La administración de Donald Trump analiza cambios regulatorios para el examen de ciudadanía estadounidense. La medida contempla evaluar pruebas administradas por terceros y establecer nuevos estándares educativos.
El Departamento de Seguridad Nacional (DHS) impulsó modificaciones para el examen de ciudadanía de Estados Unidos. La iniciativa busca fijar un marco educativo obligatorio para los solicitantes.
De acuerdo con un reporte de Newsweek, el Servicio de Ciudadanía e Inmigración (Uscis) contempla autorizar a entidades externas para administrar las evaluaciones. La agencia federal sostiene que esta alternativa otorga mayor flexibilidad a los procesos evaluativos.
Al implementar esta medida, los funcionarios gubernamentales pretenden mejorar la integridad de los procesos vigentes. Esto se debe a que la normativa actual no cuenta con especificaciones precisas sobre el cumplimiento de los requisitos educativos.
Con respecto a esta nueva medida, las autoridades federales proyectan publicar un aviso normativo en diciembre. El proyecto oficial permanece sujeto a un período posterior de consulta pública antes de su adopción definitiva.

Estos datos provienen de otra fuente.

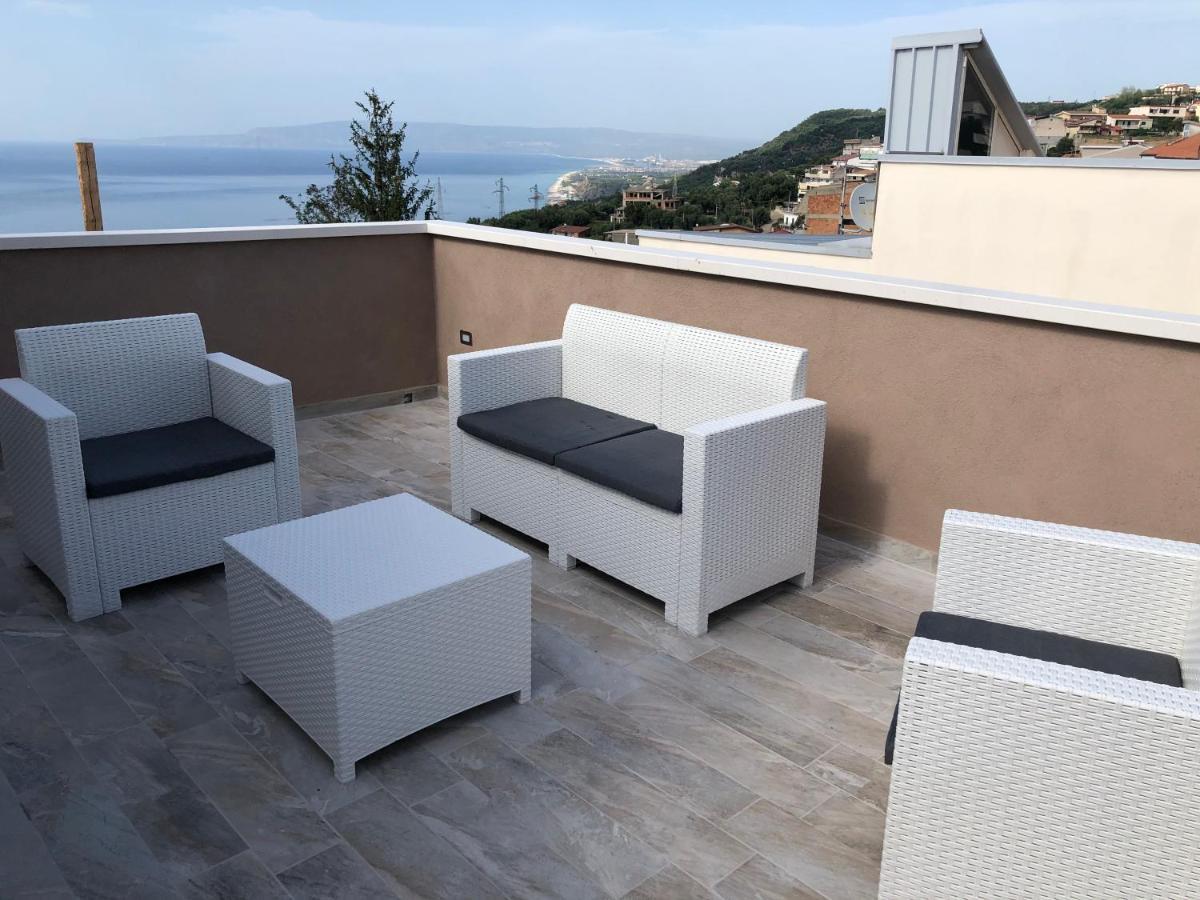 Solidea House Palmi Extérieur photo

La agenda regulatoria detalla explícitamente la exploración de nuevas metodologías evaluativas. La propuesta busca determinar si cada candidato cumple con los conocimientos lingüísticos requeridos.

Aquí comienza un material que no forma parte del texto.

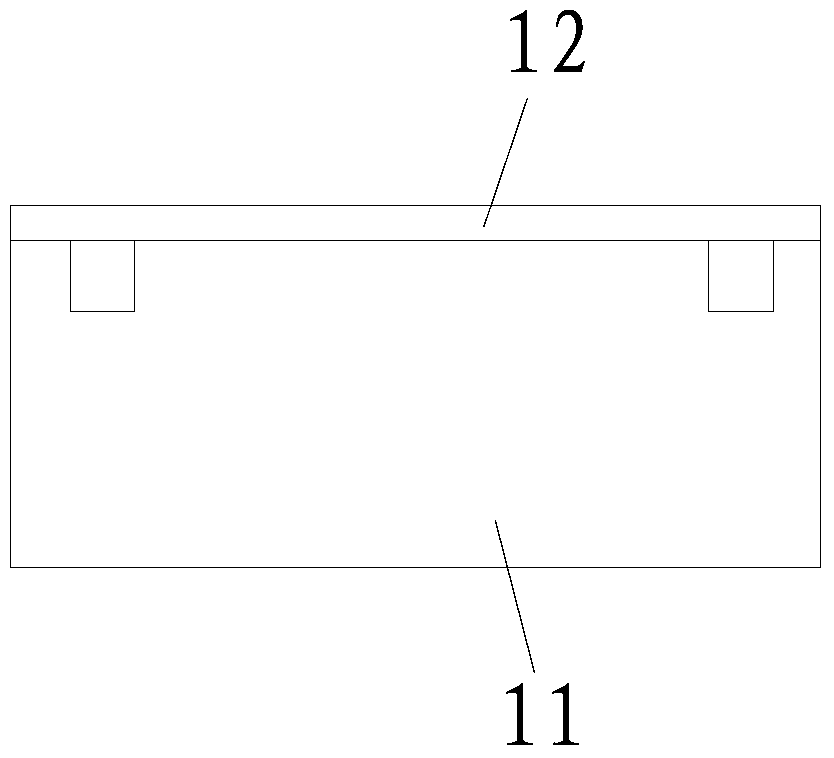 Connection contact, charging data line, electronic device and preparation method for connection contact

Otras medidas contempladas en la norma migratoria
Además de la posibilidad de que terceros administren los exámenes de ciudadanía, la propuesta gubernamental incluye exigencias más estrictas sobre historia y gobierno en el examen. El plan oficial busca consolidar una identidad estadounidense unificada y un apego constitucional.
Los cambios normativos podrían impactar anualmente a cientos de miles de solicitantes. Por ejemplo, el Uscis naturalizó a 818.500 personas en 2024.

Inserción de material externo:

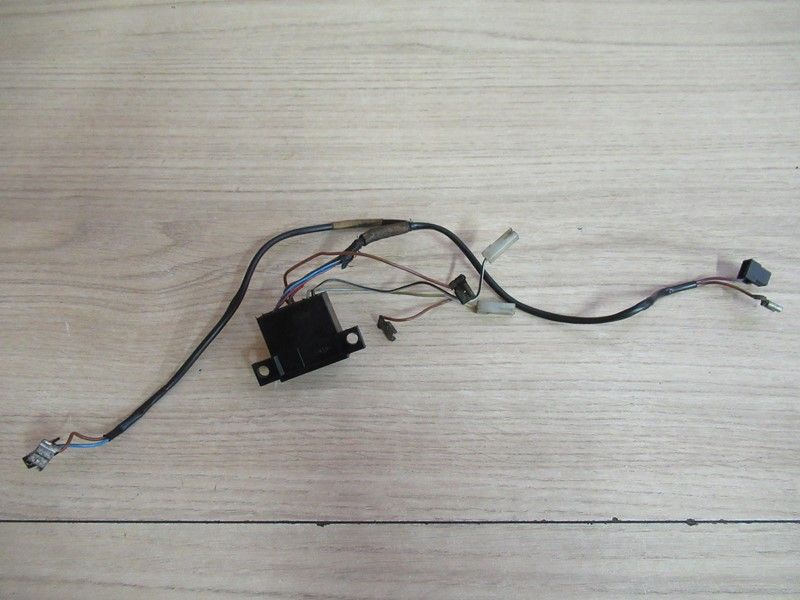 Faisceau de feux arrière BMW K 75 K569, K 100 K589 1988-1996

En ese sentido, casi ocho millones de personas completaron su naturalización en la última década. La tasa de aprobación inicial del examen registró un 89%.
El porcentaje positivo aumentó hasta 94,4% tras las reevaluaciones. Por ello, la abogada Gabriella Walsh declaró que la medida modificará significativamente todo el procedimiento.
“Esto nos recuerda una vez más que la política de inmigración sigue evolucionando más allá de las visas y el control fronterizo. Incluso procesos de larga tradición como la naturalización siguen sujetos a cambios normativos”, afirmó la experta.
El organismo migratorio retomó recientemente versiones previas del examen cívico implementadas originalmente años atrás. Las modificaciones normativas anteriores sufrieron múltiples revisiones según la administración presidencial vigente.
Evolución de los exámenes de ciudadanía en EE.UU.
Douglas Pierce, exsupervisor del Uscis, señaló que existen antecedentes previos sobre la posible normativa. Según dijo, la administración Clinton intentó implementar evaluaciones externas mediante la campaña Citizenship USA.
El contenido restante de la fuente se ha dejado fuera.